Start of Block

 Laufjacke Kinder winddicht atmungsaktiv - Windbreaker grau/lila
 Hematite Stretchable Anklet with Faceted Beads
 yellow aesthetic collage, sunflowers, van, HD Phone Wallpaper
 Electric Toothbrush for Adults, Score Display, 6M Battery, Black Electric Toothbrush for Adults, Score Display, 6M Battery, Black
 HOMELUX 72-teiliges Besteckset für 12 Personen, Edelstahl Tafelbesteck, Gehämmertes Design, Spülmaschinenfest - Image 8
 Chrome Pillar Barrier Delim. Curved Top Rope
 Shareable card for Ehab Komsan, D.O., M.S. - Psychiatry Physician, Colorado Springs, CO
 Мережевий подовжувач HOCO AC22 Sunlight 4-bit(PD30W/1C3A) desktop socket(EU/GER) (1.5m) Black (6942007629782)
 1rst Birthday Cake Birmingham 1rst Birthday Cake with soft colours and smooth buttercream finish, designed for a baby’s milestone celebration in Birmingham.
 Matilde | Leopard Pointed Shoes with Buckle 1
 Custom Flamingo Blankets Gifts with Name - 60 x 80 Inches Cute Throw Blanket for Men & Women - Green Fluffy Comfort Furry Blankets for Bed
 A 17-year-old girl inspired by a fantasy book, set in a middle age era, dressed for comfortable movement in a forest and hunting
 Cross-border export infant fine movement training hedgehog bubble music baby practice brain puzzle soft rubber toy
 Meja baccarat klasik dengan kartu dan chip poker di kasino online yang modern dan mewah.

End of Block

#### Directions
Copy out each line of the data containing the string "with".

#### Response
 Hematite Stretchable Anklet with Faceted Beads
 1rst Birthday Cake Birmingham 1rst Birthday Cake with soft colours and smooth buttercream finish, designed for a baby’s milestone celebration in Birmingham.
 Matilde | Leopard Pointed Shoes with Buckle 1
 Custom Flamingo Blankets Gifts with Name - 60 x 80 Inches Cute Throw Blanket for Men & Women - Green Fluffy Comfort Furry Blankets for Bed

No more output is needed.